Should you move a family member back home from a care facility?

I'll have to learn to walk againAccording to the New York Times (April 17, 2020), about a fifth of U.S. virus deaths are linked to nursing homes and other long-term care facilities. That’s about 7,000 people.

It’s an extremely difficult time for families who have a loved one in a care facility. You’re not able to visit, and you and your loved one might be missing the physical touch that we as humans crave.  You might be too overwhelmed with caring for others at home to make the drive to the care facility, only to be allowed to peer through a window and touch hands separated by glass.

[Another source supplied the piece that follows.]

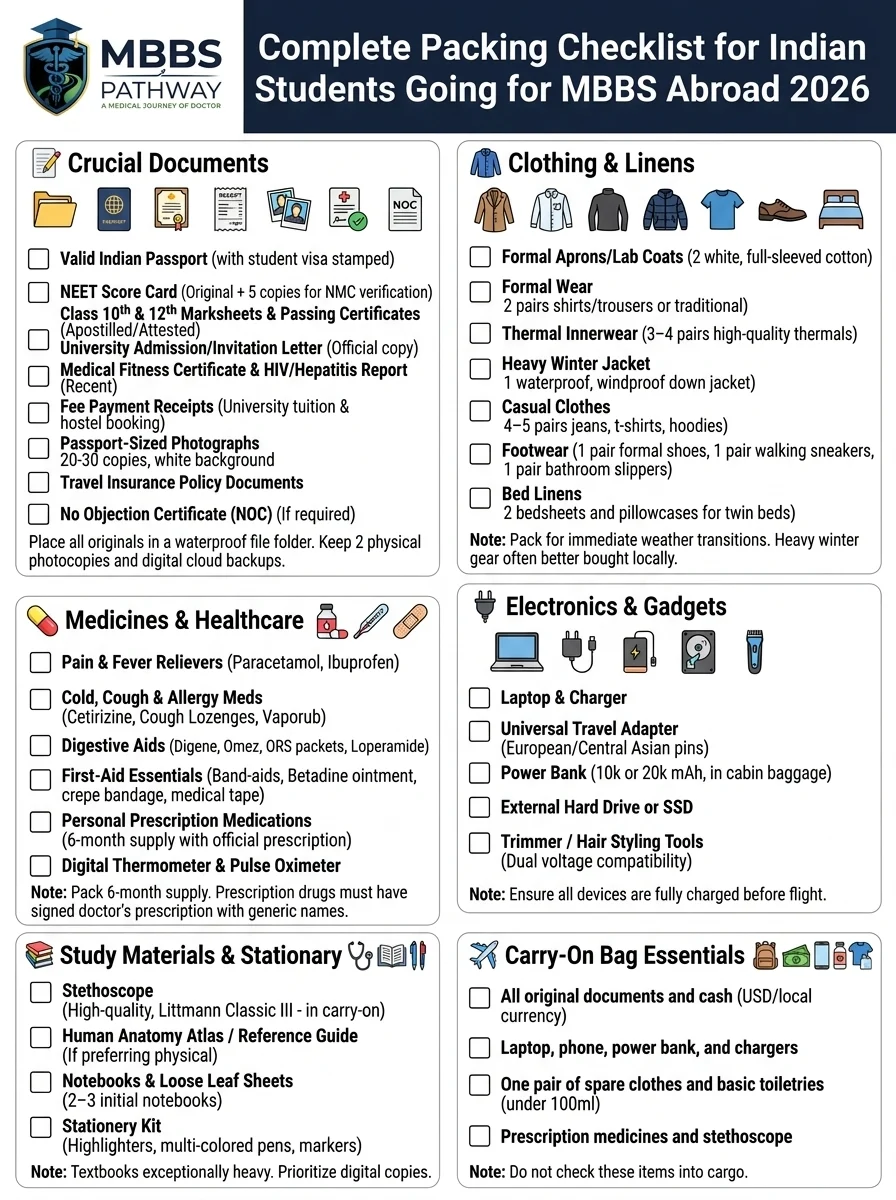 Complete packing checklist for Indian students going for MBBS abroad 2026 documents clothes medicines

Two of my friends recently lost a parent who was in a nursing facility. Their parents didn’t die from Covid-19. One died from Alzheimer’s (yes, Alzheimer’s is a fatal disease) and the other had dementia and was recovering from a broken pelvis. Neither friend was able to get to the facility in time to say good-bye, partly because of the imposed lock-down on these facilities.

You might be worried that your loved one will contract Covid-19. What should you do?

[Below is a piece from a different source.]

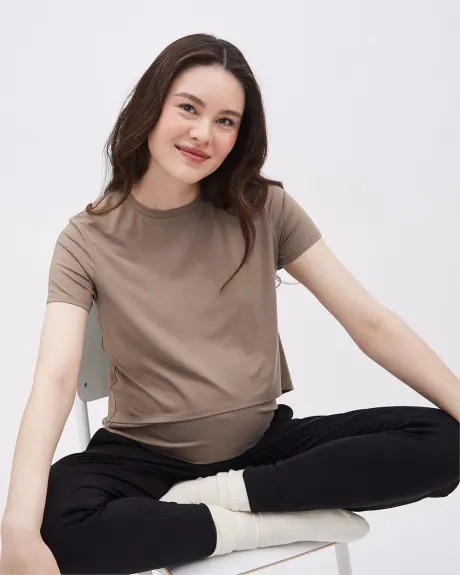 Short-Sleeve Nursing Tee - Thyme Maternity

Should you move your loved one home?

  • Consider why you moved your loved one to a care facility in the first place. Are you able to safely care for him/her at home?
  • How is your health? Have you been sick? Do you have a chronic condition that prevents you from taking on added stress?
  • Are you overwhelmed caring for children who are doing online schooling?
  • Are you working from home?
  • Is your loved one mobile? Continent? Can you bathe and dress him/her? Do they need a two-person transfer?
  • Can you hire in-home care? This option comes with the risk of having an outsider who has possibly been exposed to Covid-19 come into your home.
  • A person with dementia might have compounded anxiety during the pandemic. Anxiety increases when a person with dementia has their routine disrupted. The individual may not be able to understand what is going on, but pick up on the stress of those around him/her. Would you have the patience and time to devote to caring for such an individual?
  • Be honest with yourself, and consider your own health, psychology and emotional well-being.

If moving your loved one is out of the questions, consider these tips from The Alzheimer’s Association.

If your loved one is in a care facility:

By now, almost all care facilities are not allowing visitors through the door. 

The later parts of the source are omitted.